Gkionakis (Lombard Odier), “Lo yuan debole si riprenderà sulla scia della conferma di Joe Biden alla presidenza”

Vasileios Gkionakis, Head of FX Strategy di Banca Lombard Odier

Lo scenario, più improbabile per gli strategist, di una riconferma di Donald Trump alla Casa Bianca ha fatto precipitare la valuta cinese: nella prima notte dello spoglio delle schede, lo yuan ha perso l'1,5% nei confronti del biglietto verde, ed è stato scambiato a 6,75 sul dollaro. Secondo alcuni strategist, il contraccolpo sulla divisa cinese sarebbe coinciso con la (presunta) vittoria di Trump in Florida, stato chiave nel quale era già stata decisa la vittoria di George W. Bush contro il candidato democratico Al Gore nelle elezioni del 2000. In altre parole, si tratterebbe di uno degli effetti sulle valute più sensibili al rischio, che si sono indebolite dopo le prime proiezioni, non certo per la previsione di una sconfitta del candidato democratico Joe Biden che era dato vincente da tutti i sondaggi e che è ancora possibile, ma perché l’effetto Florida ha annullato la famosa Blue Wave prevista praticamente da tutti gli osservatori. E infatti l’effetto Florida ha avuto contraccolpi anche su altre valute emergenti come il peso messicano (sceso di quasi il 4% e scambiato a 20,905 per dollaro), e non solo. L'euro ha registrato un calo dello 0,58% a quota 1,1640 sul dollaro rispetto al giorno precedente, la sterlina britannica è scesa dello 0,47% e lo yen dello 0,59 per cento.  

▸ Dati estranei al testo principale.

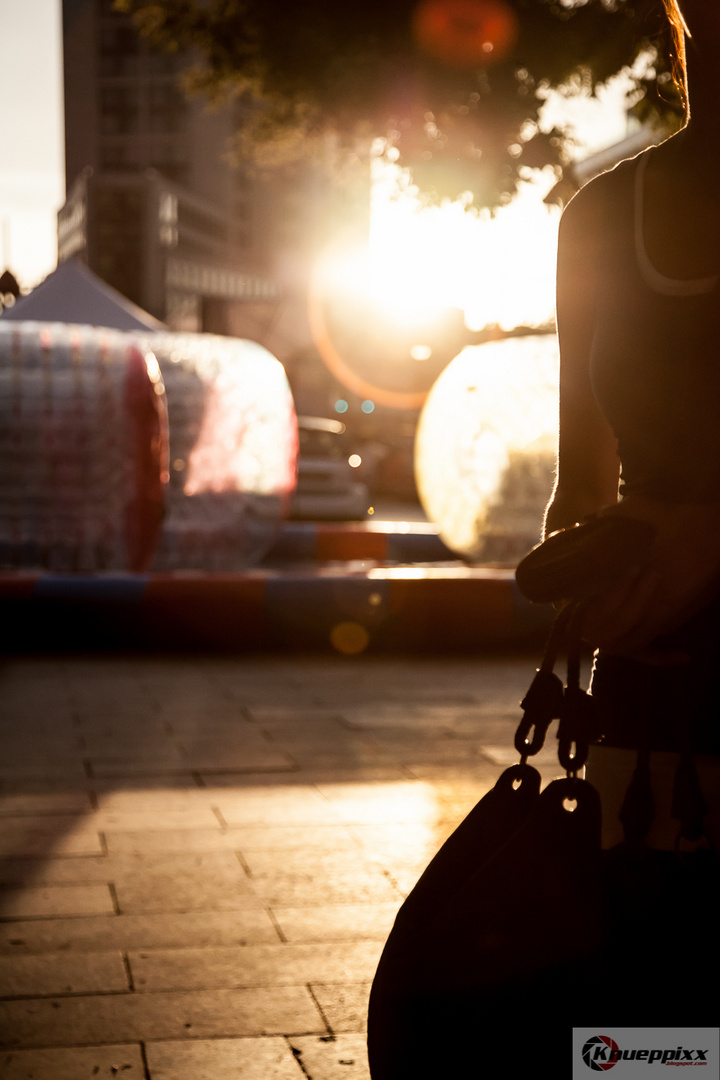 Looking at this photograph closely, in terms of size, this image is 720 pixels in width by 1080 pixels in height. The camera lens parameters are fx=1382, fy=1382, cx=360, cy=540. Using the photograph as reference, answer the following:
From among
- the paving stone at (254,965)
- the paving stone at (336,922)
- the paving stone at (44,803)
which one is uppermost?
the paving stone at (254,965)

La teoria dell’effetto Florida sullo yuan non è però condiviso da tutti gli strategist. Secondo Vasileios Gkionakis, Head of FX Strategy di Banca Lombard Odier, il movimento dello yuan è legato in gran parte all’apprezzamento del dollaro a seguito delle elezioni americane. “Con la prospettiva di una vittoria nel segno del partito democratico, il mercato ha iniziato a incorporare un periodo di incertezza nel caso in cui Donald Trump dovesse contestare il risultato elettorale se non dovesse esserci una vittoria schiacciante, e di un riaccendersi delle tensioni commerciali nel caso in cui Trump vincesse le elezioni”, afferma Gkionakis. Che aggiunge: “Il nostro scenario principale, che vede una vittoria di Biden con una spaccatura al Congresso, prevede una debolezza dello yuan nel breve termine a causa dell’aumento dell’incertezza, seguita da una traiettoria in ripresa sulla scia della conferma di un’amministrazione democratica”.